_REQUIRED WORK:_
Where does the string "Used" occur in the records below? Copy every line that holds it.

═══ DATA SUPPLIED

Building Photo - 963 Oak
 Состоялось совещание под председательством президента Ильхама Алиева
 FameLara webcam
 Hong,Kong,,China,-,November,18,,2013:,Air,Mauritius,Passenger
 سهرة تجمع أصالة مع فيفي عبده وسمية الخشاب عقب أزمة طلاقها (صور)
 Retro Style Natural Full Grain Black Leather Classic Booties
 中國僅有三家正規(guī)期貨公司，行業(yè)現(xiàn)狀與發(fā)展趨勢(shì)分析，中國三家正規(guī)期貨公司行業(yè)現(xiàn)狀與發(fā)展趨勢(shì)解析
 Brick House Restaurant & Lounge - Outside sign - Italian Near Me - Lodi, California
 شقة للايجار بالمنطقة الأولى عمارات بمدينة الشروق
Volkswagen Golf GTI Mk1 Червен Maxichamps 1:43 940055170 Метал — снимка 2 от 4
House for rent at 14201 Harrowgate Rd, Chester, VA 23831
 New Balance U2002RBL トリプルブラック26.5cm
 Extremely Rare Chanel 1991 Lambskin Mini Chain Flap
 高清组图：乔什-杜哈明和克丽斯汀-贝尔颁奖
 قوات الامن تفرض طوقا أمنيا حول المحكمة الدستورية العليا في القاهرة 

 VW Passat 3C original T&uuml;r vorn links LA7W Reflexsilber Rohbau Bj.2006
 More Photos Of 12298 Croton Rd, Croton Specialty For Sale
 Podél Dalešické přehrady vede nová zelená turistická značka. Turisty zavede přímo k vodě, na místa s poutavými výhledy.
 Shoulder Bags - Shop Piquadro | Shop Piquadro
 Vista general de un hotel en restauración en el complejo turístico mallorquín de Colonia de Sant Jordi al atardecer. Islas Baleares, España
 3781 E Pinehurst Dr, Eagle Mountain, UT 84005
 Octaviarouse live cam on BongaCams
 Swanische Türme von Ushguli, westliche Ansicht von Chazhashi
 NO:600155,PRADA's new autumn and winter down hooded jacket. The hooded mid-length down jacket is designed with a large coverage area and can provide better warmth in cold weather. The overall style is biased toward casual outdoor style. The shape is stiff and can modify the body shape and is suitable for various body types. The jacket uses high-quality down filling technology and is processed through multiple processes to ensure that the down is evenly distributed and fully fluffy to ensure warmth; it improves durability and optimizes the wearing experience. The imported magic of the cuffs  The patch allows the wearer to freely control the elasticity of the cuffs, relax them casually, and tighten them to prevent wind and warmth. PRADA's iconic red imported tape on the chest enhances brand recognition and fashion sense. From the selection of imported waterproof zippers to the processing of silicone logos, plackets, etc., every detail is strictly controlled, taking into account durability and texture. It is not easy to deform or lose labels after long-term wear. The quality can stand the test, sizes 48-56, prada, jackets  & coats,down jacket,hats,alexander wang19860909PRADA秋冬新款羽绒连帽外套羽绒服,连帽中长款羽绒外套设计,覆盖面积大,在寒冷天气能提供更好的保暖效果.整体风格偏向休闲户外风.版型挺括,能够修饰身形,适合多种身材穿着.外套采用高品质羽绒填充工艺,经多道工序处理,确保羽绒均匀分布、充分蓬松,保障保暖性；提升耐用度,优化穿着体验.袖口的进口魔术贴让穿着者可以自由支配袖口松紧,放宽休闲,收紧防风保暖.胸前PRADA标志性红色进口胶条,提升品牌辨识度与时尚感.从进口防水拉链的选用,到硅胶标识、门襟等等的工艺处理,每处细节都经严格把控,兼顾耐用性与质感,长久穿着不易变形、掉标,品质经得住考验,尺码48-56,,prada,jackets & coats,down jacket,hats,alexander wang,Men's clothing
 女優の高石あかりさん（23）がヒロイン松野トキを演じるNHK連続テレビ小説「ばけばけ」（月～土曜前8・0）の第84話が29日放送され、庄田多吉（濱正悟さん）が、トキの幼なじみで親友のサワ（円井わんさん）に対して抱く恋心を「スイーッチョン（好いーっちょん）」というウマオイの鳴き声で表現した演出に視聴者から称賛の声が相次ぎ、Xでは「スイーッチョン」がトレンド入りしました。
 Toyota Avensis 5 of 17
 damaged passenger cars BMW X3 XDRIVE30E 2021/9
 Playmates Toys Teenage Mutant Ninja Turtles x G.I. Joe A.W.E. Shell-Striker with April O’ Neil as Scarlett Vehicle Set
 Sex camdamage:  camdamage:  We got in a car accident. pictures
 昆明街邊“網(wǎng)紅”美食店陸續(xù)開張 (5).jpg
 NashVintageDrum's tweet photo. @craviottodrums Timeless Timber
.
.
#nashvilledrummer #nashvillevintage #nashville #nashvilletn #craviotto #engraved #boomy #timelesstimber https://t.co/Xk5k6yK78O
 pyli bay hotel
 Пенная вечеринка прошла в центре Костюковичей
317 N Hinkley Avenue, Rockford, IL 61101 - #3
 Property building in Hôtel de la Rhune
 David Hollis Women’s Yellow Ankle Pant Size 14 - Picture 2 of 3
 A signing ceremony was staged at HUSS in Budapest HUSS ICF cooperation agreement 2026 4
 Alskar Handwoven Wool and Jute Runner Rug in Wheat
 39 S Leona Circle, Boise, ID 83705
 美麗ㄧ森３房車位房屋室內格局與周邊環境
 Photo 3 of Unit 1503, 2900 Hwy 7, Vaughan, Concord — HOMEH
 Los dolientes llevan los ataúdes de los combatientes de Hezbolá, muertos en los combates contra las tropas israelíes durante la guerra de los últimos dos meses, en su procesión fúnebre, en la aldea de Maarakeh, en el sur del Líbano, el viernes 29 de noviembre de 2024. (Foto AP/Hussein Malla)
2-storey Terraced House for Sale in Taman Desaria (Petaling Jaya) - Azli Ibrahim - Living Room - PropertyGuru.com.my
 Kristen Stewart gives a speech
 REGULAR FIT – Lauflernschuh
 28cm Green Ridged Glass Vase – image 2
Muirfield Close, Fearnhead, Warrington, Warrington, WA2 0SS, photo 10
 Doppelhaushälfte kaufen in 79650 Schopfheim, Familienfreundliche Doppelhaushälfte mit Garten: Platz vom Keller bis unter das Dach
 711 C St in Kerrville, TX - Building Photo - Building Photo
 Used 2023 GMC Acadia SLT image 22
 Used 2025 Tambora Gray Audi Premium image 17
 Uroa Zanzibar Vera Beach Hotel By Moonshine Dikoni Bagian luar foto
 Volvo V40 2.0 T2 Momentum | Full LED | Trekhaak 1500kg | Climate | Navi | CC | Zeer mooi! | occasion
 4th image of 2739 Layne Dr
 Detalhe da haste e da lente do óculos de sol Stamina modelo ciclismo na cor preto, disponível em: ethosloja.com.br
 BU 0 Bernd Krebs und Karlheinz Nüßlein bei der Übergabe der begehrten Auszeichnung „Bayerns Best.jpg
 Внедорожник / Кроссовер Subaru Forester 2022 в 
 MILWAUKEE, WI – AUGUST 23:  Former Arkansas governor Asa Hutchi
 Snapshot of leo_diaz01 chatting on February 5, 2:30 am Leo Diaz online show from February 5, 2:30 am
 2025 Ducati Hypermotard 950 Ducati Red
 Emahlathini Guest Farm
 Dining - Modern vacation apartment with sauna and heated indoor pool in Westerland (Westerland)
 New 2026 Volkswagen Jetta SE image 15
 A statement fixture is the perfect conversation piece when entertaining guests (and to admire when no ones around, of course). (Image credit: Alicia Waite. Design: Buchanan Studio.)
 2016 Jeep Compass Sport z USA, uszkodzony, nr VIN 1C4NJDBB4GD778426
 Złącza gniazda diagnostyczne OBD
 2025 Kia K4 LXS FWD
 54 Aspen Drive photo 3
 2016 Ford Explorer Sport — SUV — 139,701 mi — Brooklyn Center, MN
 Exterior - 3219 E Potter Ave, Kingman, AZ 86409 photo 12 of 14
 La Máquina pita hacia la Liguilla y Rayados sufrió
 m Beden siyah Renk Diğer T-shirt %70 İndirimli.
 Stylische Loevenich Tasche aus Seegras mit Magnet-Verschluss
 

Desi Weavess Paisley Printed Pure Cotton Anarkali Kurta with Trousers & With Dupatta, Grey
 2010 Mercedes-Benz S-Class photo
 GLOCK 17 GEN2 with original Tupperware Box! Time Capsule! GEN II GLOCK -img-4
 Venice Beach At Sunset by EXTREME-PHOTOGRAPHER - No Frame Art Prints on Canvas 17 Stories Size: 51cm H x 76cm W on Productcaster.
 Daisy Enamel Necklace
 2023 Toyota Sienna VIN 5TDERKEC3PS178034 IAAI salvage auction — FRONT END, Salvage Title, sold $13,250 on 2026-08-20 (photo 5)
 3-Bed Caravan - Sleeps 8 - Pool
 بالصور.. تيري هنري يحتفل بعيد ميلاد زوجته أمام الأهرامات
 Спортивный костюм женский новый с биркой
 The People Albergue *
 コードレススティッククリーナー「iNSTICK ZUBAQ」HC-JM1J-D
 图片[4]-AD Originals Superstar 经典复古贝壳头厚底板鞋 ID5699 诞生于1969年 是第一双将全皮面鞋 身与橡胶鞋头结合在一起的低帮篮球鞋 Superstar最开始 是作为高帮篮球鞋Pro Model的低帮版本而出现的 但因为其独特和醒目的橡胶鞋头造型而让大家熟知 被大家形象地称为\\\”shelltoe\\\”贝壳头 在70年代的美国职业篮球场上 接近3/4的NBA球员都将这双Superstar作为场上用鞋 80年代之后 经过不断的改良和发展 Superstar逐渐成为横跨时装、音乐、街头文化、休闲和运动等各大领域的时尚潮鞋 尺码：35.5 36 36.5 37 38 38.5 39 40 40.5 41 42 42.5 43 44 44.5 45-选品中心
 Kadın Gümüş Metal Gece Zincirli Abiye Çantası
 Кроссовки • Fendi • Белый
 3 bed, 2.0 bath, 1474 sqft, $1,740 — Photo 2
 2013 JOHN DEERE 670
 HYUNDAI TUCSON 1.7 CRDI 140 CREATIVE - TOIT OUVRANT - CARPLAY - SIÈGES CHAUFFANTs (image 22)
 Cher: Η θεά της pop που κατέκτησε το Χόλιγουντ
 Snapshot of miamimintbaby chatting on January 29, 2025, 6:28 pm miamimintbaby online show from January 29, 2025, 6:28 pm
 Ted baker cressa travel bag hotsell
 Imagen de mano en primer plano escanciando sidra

══════

_TASK RESPONSE:_
 Used 2023 GMC Acadia SLT image 22
 Used 2025 Tambora Gray Audi Premium image 17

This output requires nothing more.